§ Work item: Go through the data below and retype all of it exactly.
※ ※ ※
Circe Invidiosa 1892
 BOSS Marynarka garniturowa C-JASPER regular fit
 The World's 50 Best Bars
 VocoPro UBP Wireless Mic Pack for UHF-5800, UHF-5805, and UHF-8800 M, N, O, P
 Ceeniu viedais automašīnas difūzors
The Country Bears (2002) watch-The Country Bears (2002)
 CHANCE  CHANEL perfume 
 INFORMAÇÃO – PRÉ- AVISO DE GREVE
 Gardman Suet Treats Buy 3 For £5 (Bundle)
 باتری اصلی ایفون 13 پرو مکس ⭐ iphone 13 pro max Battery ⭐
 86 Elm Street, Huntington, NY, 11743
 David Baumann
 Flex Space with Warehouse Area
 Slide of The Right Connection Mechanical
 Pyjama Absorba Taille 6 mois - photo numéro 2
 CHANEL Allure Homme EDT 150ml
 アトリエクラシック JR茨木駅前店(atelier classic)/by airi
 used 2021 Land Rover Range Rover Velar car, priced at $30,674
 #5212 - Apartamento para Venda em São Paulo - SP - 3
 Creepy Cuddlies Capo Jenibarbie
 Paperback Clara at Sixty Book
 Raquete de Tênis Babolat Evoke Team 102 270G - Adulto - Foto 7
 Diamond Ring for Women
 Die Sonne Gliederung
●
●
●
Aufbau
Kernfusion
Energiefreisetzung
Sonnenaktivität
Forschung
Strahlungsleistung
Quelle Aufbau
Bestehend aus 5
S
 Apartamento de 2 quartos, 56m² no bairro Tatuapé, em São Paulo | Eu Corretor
※ ※ ※
§ Output:
Circe Invidiosa 1892
 BOSS Marynarka garniturowa C-JASPER regular fit
 The World's 50 Best Bars
 VocoPro UBP Wireless Mic Pack for UHF-5800, UHF-5805, and UHF-8800 M, N, O, P
 Ceeniu viedais automašīnas difūzors
The Country Bears (2002) watch-The Country Bears (2002)
 CHANCE  CHANEL perfume 
 INFORMAÇÃO – PRÉ- AVISO DE GREVE
 Gardman Suet Treats Buy 3 For £5 (Bundle)
 باتری اصلی ایفون 13 پرو مکس ⭐ iphone 13 pro max Battery ⭐
 86 Elm Street, Huntington, NY, 11743
 David Baumann
 Flex Space with Warehouse Area
 Slide of The Right Connection Mechanical
 Pyjama Absorba Taille 6 mois - photo numéro 2
 CHANEL Allure Homme EDT 150ml
 アトリエクラシック JR茨木駅前店(atelier classic)/by airi
 used 2021 Land Rover Range Rover Velar car, priced at $30,674
 #5212 - Apartamento para Venda em São Paulo - SP - 3
 Creepy Cuddlies Capo Jenibarbie
 Paperback Clara at Sixty Book
 Raquete de Tênis Babolat Evoke Team 102 270G - Adulto - Foto 7
 Diamond Ring for Women
 Die Sonne Gliederung
●
●
●
Aufbau
Kernfusion
Energiefreisetzung
Sonnenaktivität
Forschung
Strahlungsleistung
Quelle Aufbau
Bestehend aus 5
S
 Apartamento de 2 quartos, 56m² no bairro Tatuapé, em São Paulo | Eu Corretor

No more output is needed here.